* What you have to do
Reproduce the records. Keep every word exact and include no images.

* Study material
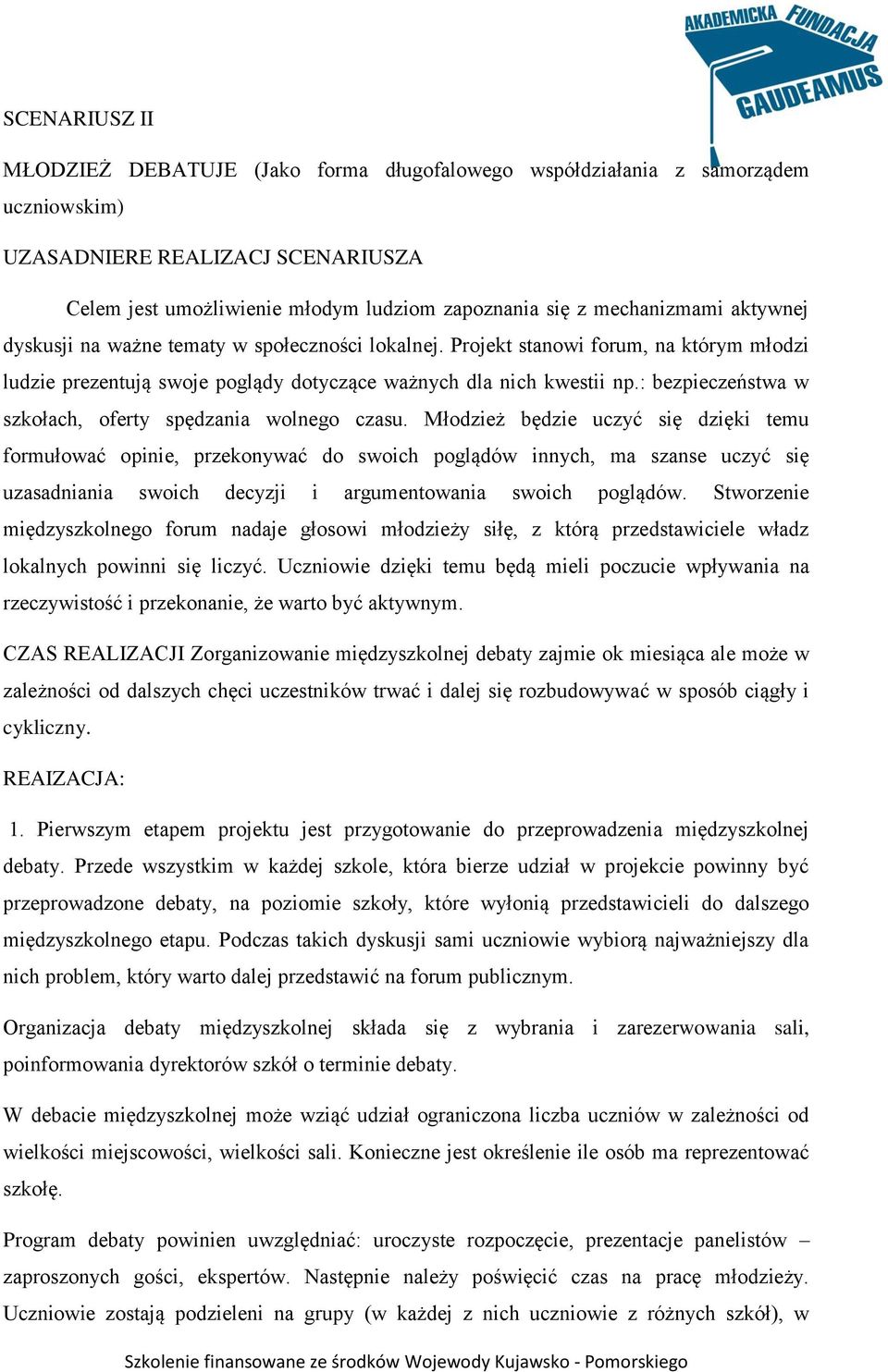 : bezpieczeństwa w szkołach, oferty spędzania wolnego czasu.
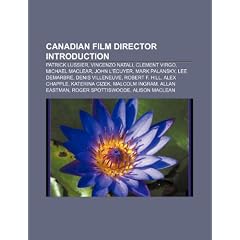 Canadian Film Directors: Frances-Anne Solomon, Clement Virgo, John L'Ecuyer, Bruce McDonald, Mark Palansky, Robert F. Hill, Michael Maclear
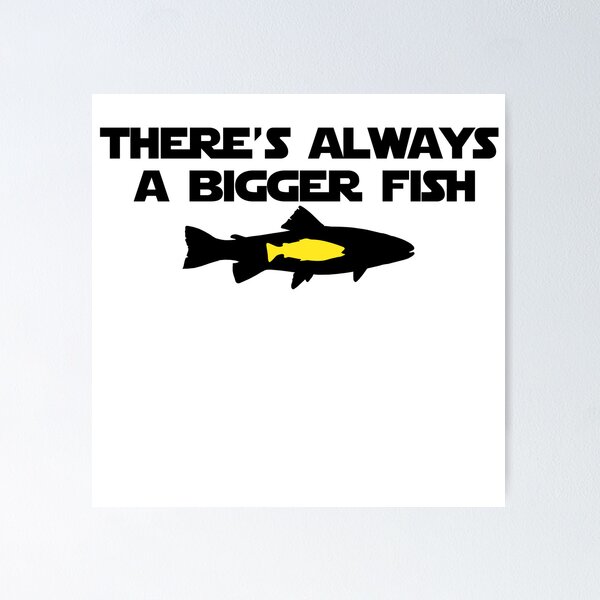 There's always a bigger fish. - MagicalQuote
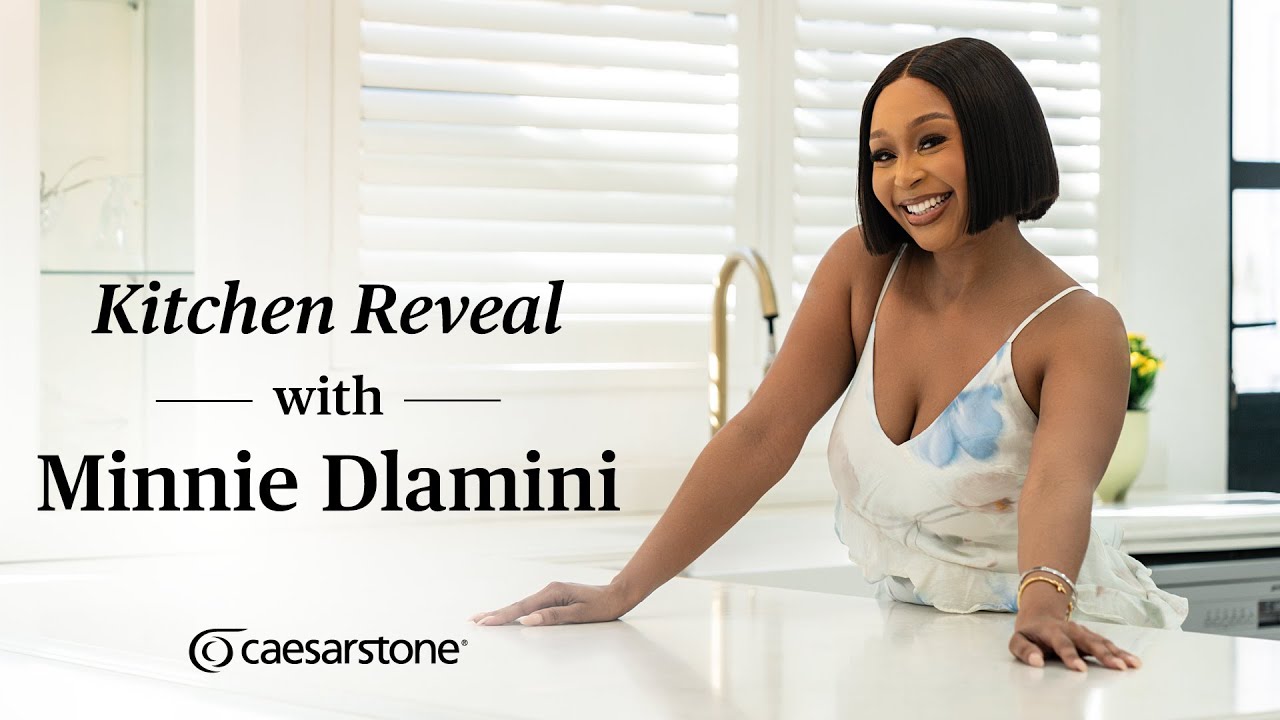 The Big Reveal: Minnie Dlamini’s Family Kitchen Comes to Life with Caesarstone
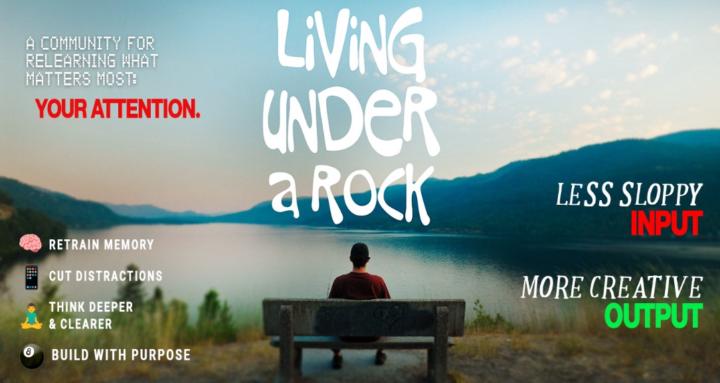 Living Under a Rock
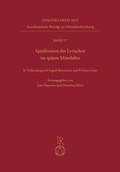 Cover: Spielformen des Lyrischen im sp&auml;ten Mittelalter - Reichert Verlag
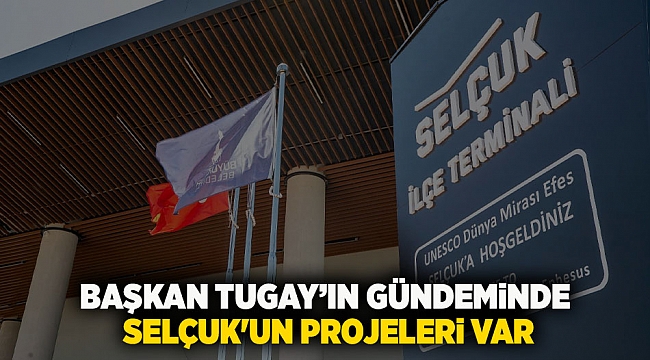 Başkan Cemil Tugay&#039;ın gündeminde Selçuk&#039;un projeleri var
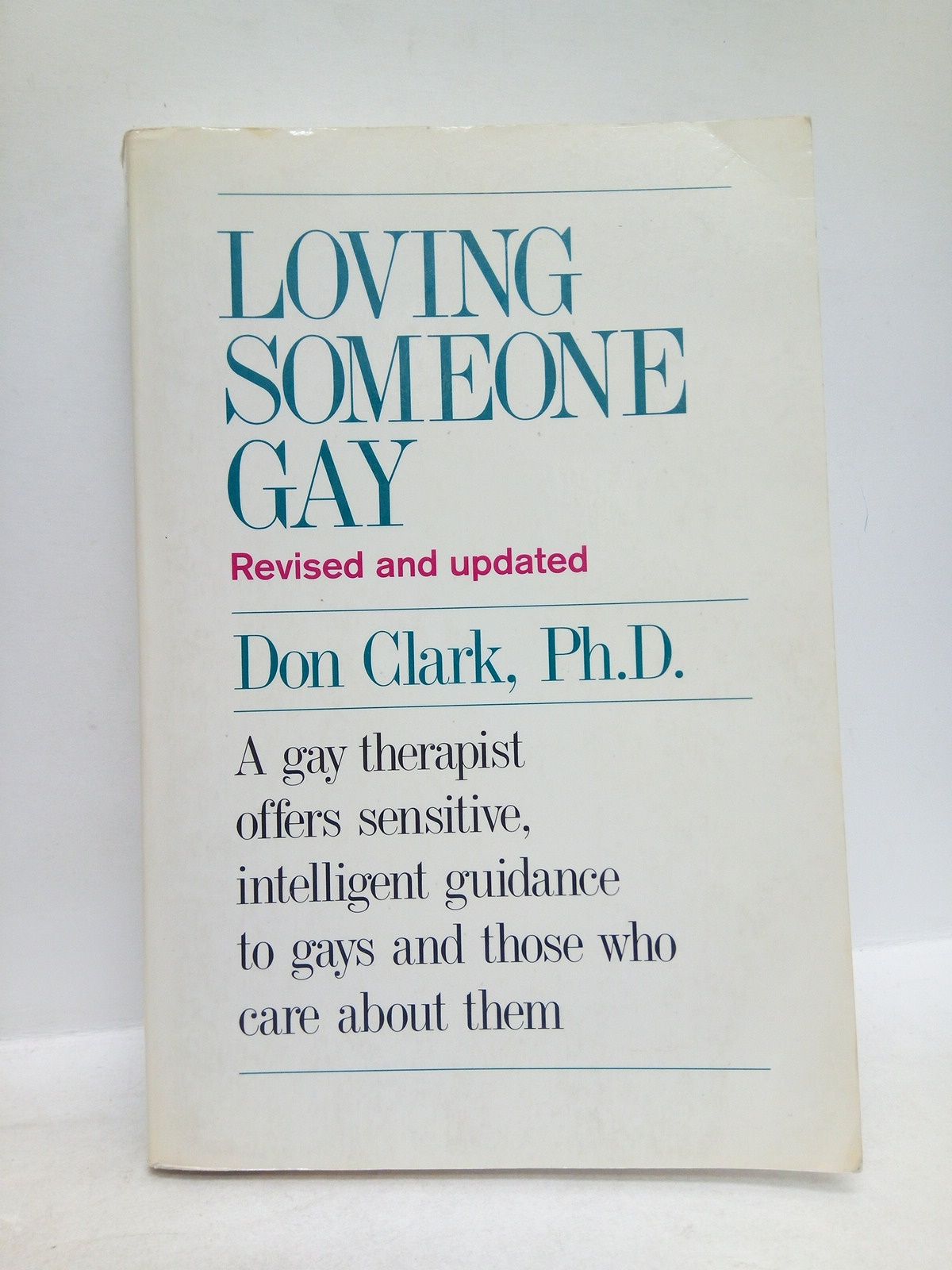 CLRK, Don - Loving Someone Gay /  Revised and updated. (A gay therapist offers sensitive, intelligent guidance to gays and those who care about them)
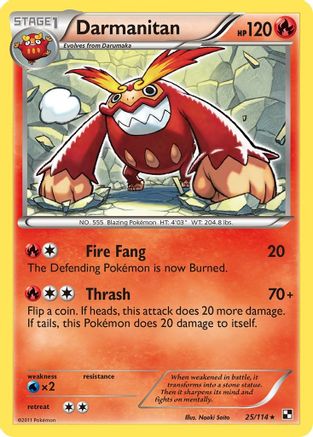 Darmanitan (25/114) [Black & White: Base Set]-1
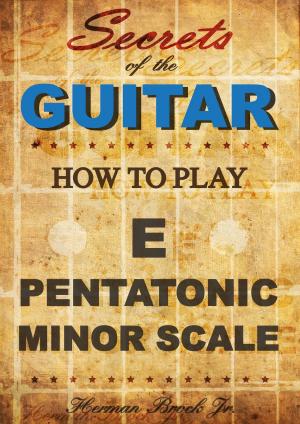 Book cover of How to play the E pentatonic minor scale: Secrets of the Guitar
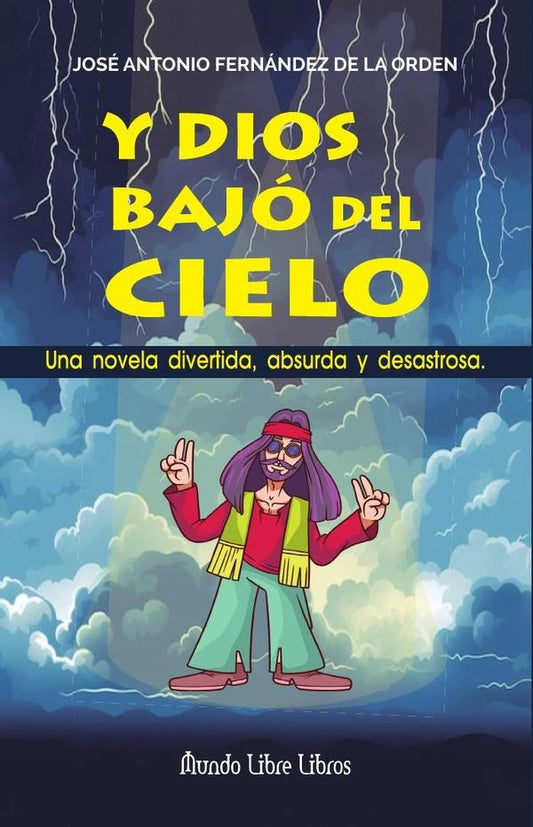 Y Dios bajo del cielo | JoseAntonioFernandezdela Orden
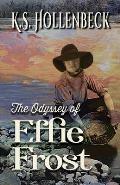 The Odyssey of Effie Frost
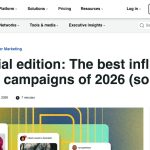 Daily Marketing Roundup: PPR special edition: The best influencer marketing campaigns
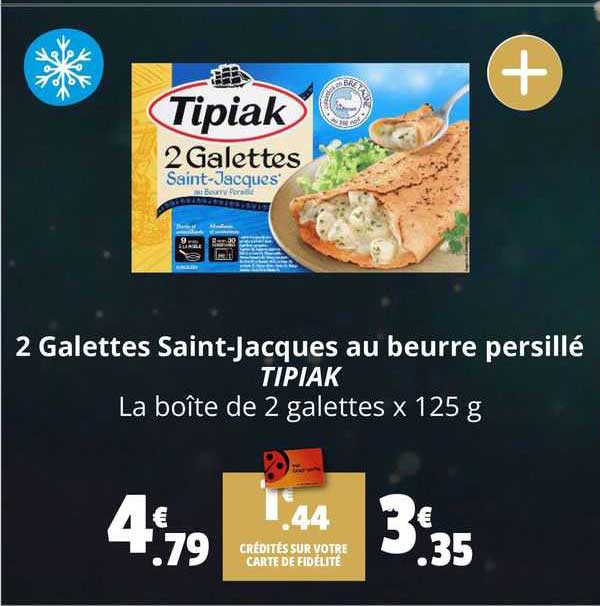 2 galettes saint-jacques au beurre persillé tipiak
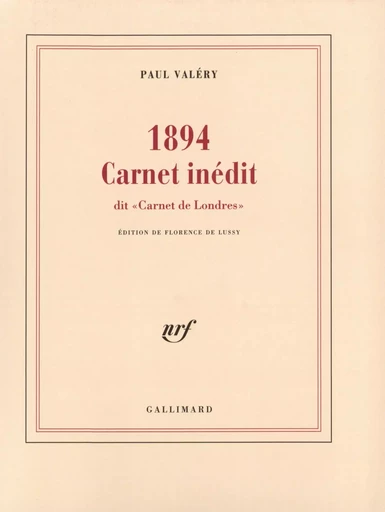 1894 Carnet inédit - Paul Valéry - GALLIMARD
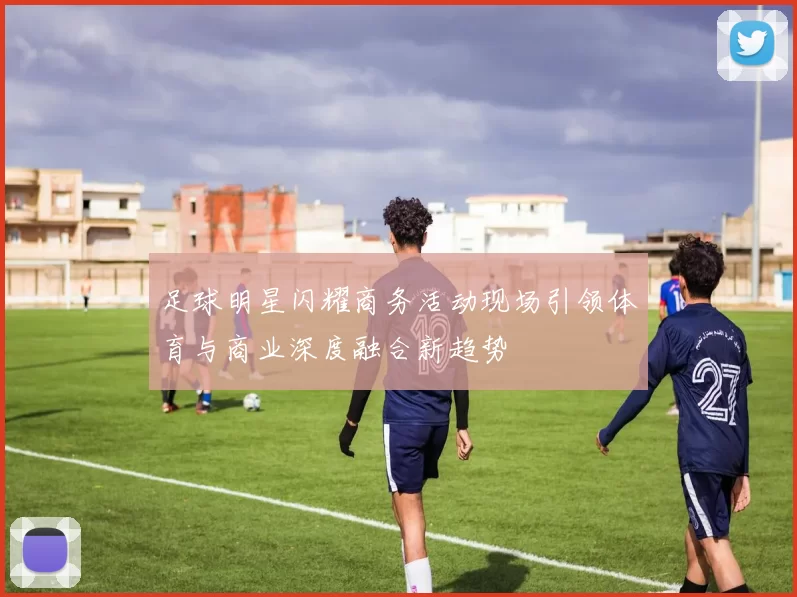 足球明星闪耀商务活动现场引领体育与商业深度融合新趋势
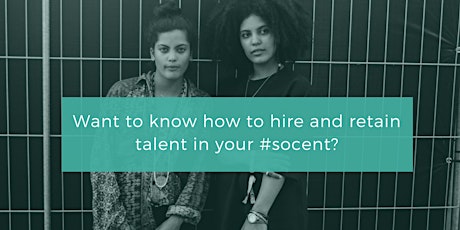 Hire and retain talent (including your own) in your social enterprise primary image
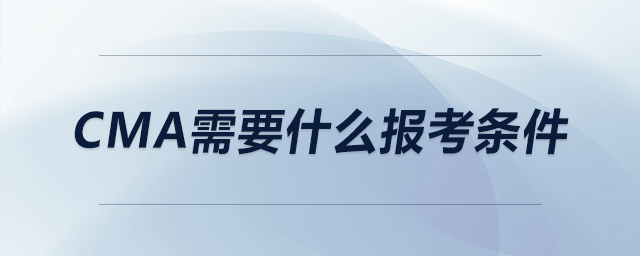 CMA需要什么報(bào)考條件 CMA需要什么報(bào)考條件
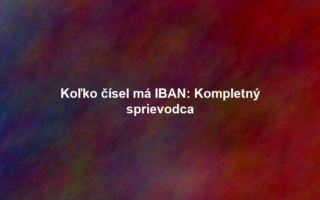 Koľko čísel má IBAN: Kompletný sprievodca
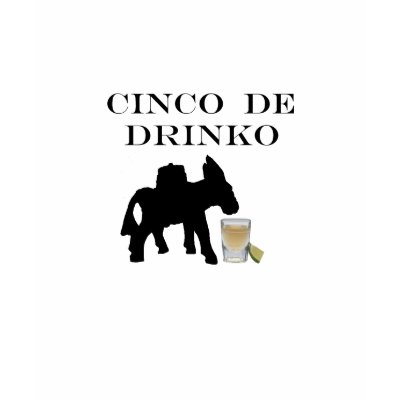 Cinco De Drinko Shirts by KissMeIm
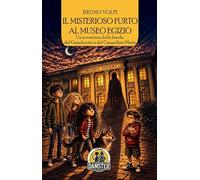Il misterioso furto al Museo Egizio (I giallini Damster)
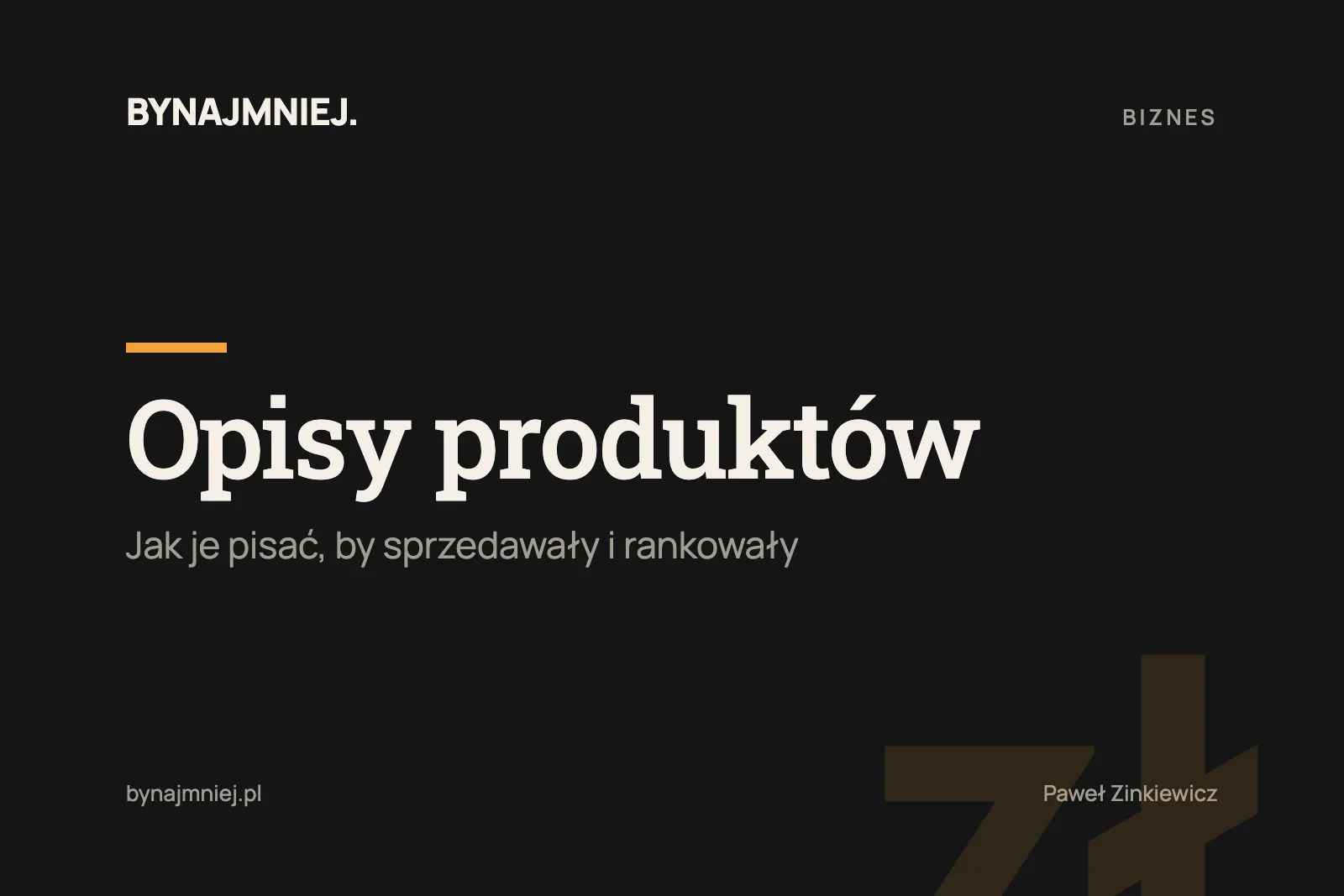 Opisy produktów: jak je pisać, by sprzedawały i rankowały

* Answer space
 : bezpieczeństwa w szkołach, oferty spędzania wolnego czasu.
 Canadian Film Directors: Frances-Anne Solomon, Clement Virgo, John L'Ecuyer, Bruce McDonald, Mark Palansky, Robert F. Hill, Michael Maclear
 There's always a bigger fish. - MagicalQuote
 The Big Reveal: Minnie Dlamini’s Family Kitchen Comes to Life with Caesarstone
 Living Under a Rock
 Cover: Spielformen des Lyrischen im sp&auml;ten Mittelalter - Reichert Verlag
 Başkan Cemil Tugay&#039;ın gündeminde Selçuk&#039;un projeleri var
 CLRK, Don - Loving Someone Gay /  Revised and updated. (A gay therapist offers sensitive, intelligent guidance to gays and those who care about them)
 Darmanitan (25/114) [Black & White: Base Set]-1
 Book cover of How to play the E pentatonic minor scale: Secrets of the Guitar
 Y Dios bajo del cielo | JoseAntonioFernandezdela Orden
 The Odyssey of Effie Frost
 Daily Marketing Roundup: PPR special edition: The best influencer marketing campaigns
 2 galettes saint-jacques au beurre persillé tipiak
 1894 Carnet inédit - Paul Valéry - GALLIMARD
 足球明星闪耀商务活动现场引领体育与商业深度融合新趋势
 Hire and retain talent (including your own) in your social enterprise primary image
 CMA需要什么報(bào)考條件 CMA需要什么報(bào)考條件
 Koľko čísel má IBAN: Kompletný sprievodca
 Cinco De Drinko Shirts by KissMeIm
Il misterioso furto al Museo Egizio (I giallini Damster)
 Opisy produktów: jak je pisać, by sprzedawały i rankowały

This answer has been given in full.